We immediately initiated plasmapheresis (single plasmapheresis, exchange dosage: 4000 mL fresh frozen plasma calculated by 1.0 plasma volume) and continued continuous renal replacement therapy. Meanwhile, we started to inject methylprednisolone (500 mg/d, 3 d in total) and cyclophosphamide (0.4 g/d, 2 d in total) on the same day after dialysis. The patient’s condition was improved, and his hemoglobin remained stable at 65 g/L without blood transfusion. The anti-GBM antibody decreased gradually after the performance of 35 plasmapheresis sessions in total, and the reexamination image also evidently improved. Therefore, we decided to prepare for renal biopsy.
Because the patient was young and had strong willingness to comprehend the prognosis, renal biopsy was performed at intervals of plasmapheresis after surgical contraindications were excluded. The operation was successful overall, and regular measures such as injecting thrombin and compression bandage were performed, but the patient complained of osphyalgia after the procedure when his blood pressure and hemoglobin started to drop. We had to stabilize his vital signs and initiate a blood transfusion. Radiography showed that the renal artery was bleeding. Subsequently, embolization of the renal artery occurred (Figure 3). The patient’s condition eventually stabilized.

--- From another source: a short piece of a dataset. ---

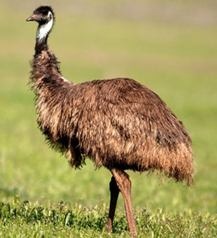 C'est le 2° plus grand oiseau (qui ne sait pas voler) et il ne vit qu'en Australie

The patient’s condition was improved, but his renal function was not recovered. When he was discharged on October 27, his serum anti-GBM antibody level was 106 AU/mL (normal range: < 24 AU/mL) and slowly decreased (Figure 4). His discharge medications were oral daily prednisone (30 mg) and continued maintenance hemodialysis.
Despite the fact that both the GS and hemorrhage of renal biopsy are rare, it has not been reported that they are likely to happen in the same patient[8]. It is also unusual that GS can be accompanied by a severe lesion in the lung even in the absence of hemoptysis[9].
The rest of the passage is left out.